Stockholm, 14 Februari 2004

Bismillaahirrahmaanirrahiim.
Assalamu'alaikum wr wbr.

INSTRUKSI NO. I/MBKD/1948 22 DESEMBER 1948 TIDAK BERISIKAN PENGANGKATAN GUBERNUR MILITER DI ACEH
Ahmad Sudirman
Stockholm - SWEDIA.

 

JELAS DAN TERANG INSTRUKSI NO. I/MBKD/1948 22 DESEMBER 1948 TIDAK BERISIKAN PENGANGKATAN GUBERNUR MILITER DI ACEH

"Assalamu'alaikum wr wb. Saudara Ahmad, saya selalu mengatakan bahwa Aceh adalah bagian NKRI, karena memang sejak awal kemerdekaan lagi telah terjadi pengibaran bendera merah putih di Aceh, kemudian keluarnya Maklumat Ulama Se Aceh, sampai keluarnya intruksi No. I/MBKD/1948 tanggal 22 Desember 1948 yang mengangkat Daud Beureueh sebagai Gubernur Militer Aceh, Langkat dan tanah Karo. Jika Aceh bukan wilayah NKRI tidak perlulah Daud Beureueh menerima intruksi yang di keluarkan oleh Nasution tersebut. Tapi mengapa Daud Beureueh menerima dan menjalankan intruksi tersebut, karena beliau sendiri sudah menyatakan setia kepada RI dan berada di belakang Soekarno seperti apa yang dinyatakan pada Maklumat Ulama Se Aceh. Dan saya ingin tau apa sebenarnya yang dimaksud dengan dasar hukum, sehingga anda selalu menyatakan tidak dasar hukumnya Aceh bergabung dengan NKRI. Dan disini saya mau sedikit beri komentar atau kritik, karena kritik yang positif itu tentunya diperlukan oleh seorang pemimpin, dan semua manusia adalah pemimpin...setidaknya pemimpin bagi dirinya sendiri.Kritik ini saya tujukan kepada Om puteh, Shahen Fasya, Tangce, Muhammad dahlan, Imah Nor, saya sendiri serta pembaca lainnya. Cobalah kalo menulis atau berbicara dengan bahasa yang sopan, dan berbudi bahasa yang baik, tidak perlu marah-marah dan memaki seperti "Dasar penjajah, dasar pembunuh, pemerkosa dan kata-kata makian lainnya. Dan sebelumnya saya mohon ma'af jika tulisan, komentar dan kritik saya ini menyinggung perasaan pembaca lainnya"
(Sagir Alva , melpone2002@yahoo.com , Fri, 13 Feb 2004 19:05:29 -0800 (PST))
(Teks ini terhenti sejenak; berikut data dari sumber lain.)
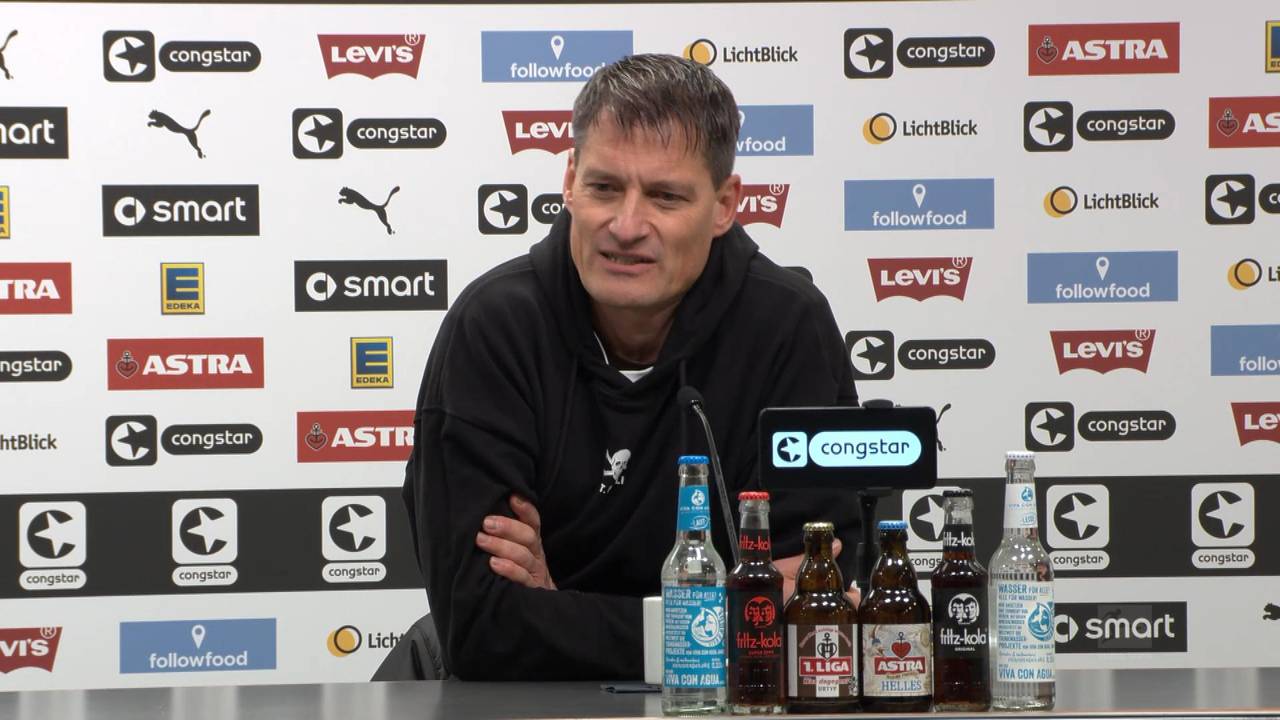 St. Paulis Trainer Alexander Blessin kritisiert Pyro-Aktion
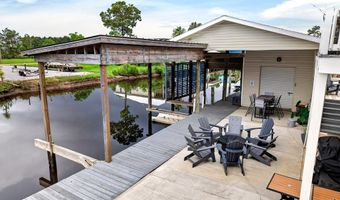 4044 Mindanao St, Bay St. Louis, MS 39520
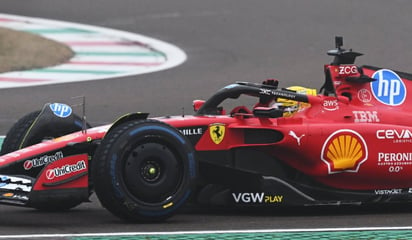 f-1: Lewis Hamilton tuvo un accidente menor durante su segunda práctica en Ferrari, aunque reportan que no fue de gravedad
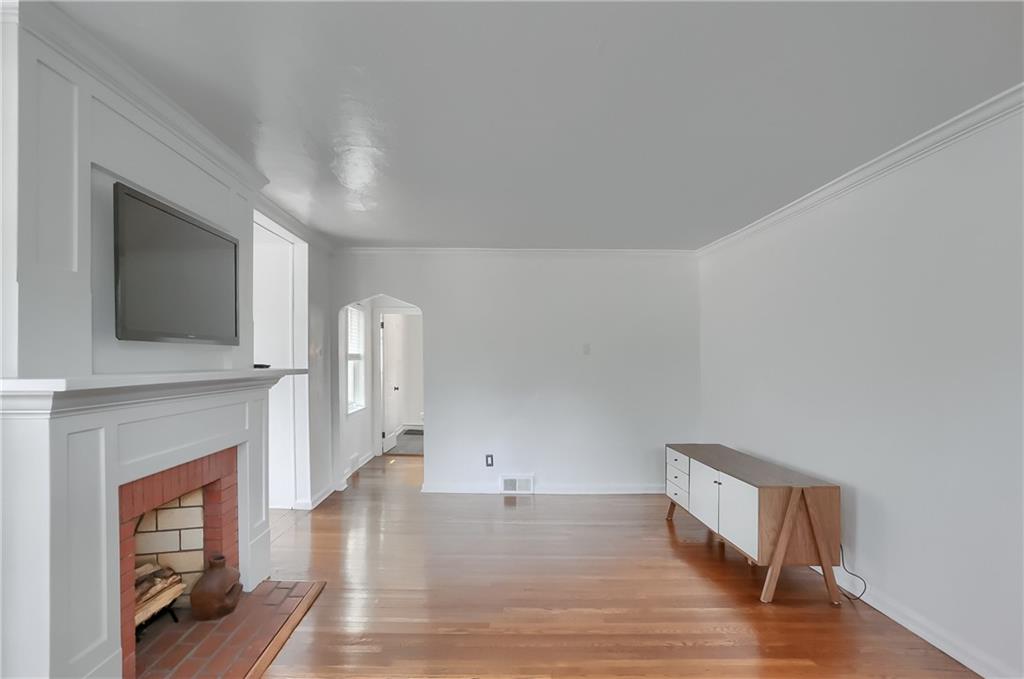 1044 Washington Road Pittsburgh, PA 15228 - Photo 6 of 50 Gallery Image 6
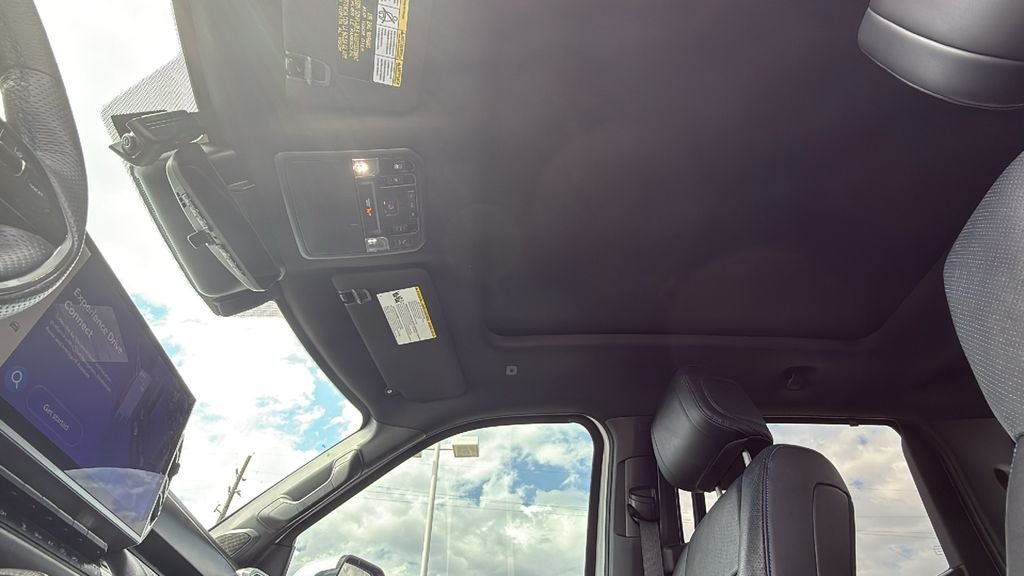 2025 Toyota TUNDRA HV 4X4 Platinum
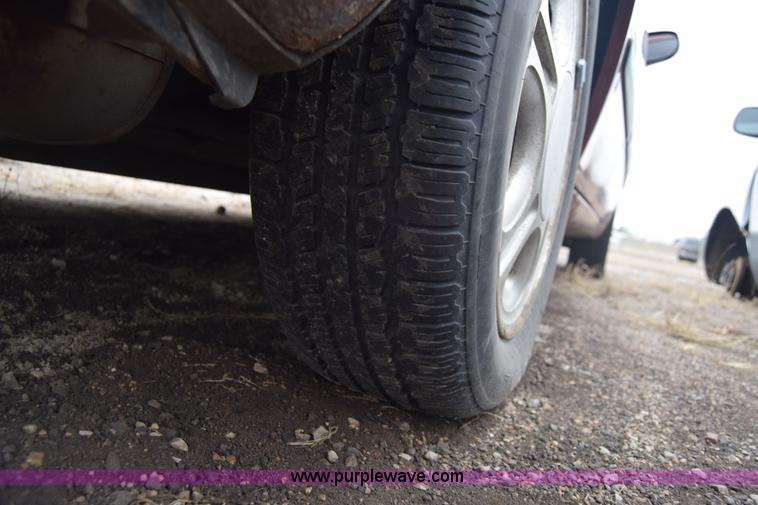 image for item L1074 1998 Chevrolet Prizm Lsi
Terimakasih saudara Sagir Alva di Universitas Kebangsaan Malaysia, Selangor, Malaysia.

Baiklah saudara Sagir Alva.

Saudara Sagir Alva menulis: "intruksi No. I/MBKD/1948 tanggal 22 Desember 1948 yang mengangkat Daud Beureueh sebagai Gubernur Militer Aceh, Langkat dan tanah Karo. Jika Aceh bukan wilayah NKRI tidak perlulah Daud Beureueh menerima intruksi yang di keluarkan oleh Nasution tersebut. Tapi mengapa Daud Beurueh menerima dan menjalankan intruksi tersebut, karena beliau sendiri sudah menyatakan setia kepada RI dan berada di belakang Soekarno seperti apa yang dinyatakan pada Maklumat Ulama Se Aceh."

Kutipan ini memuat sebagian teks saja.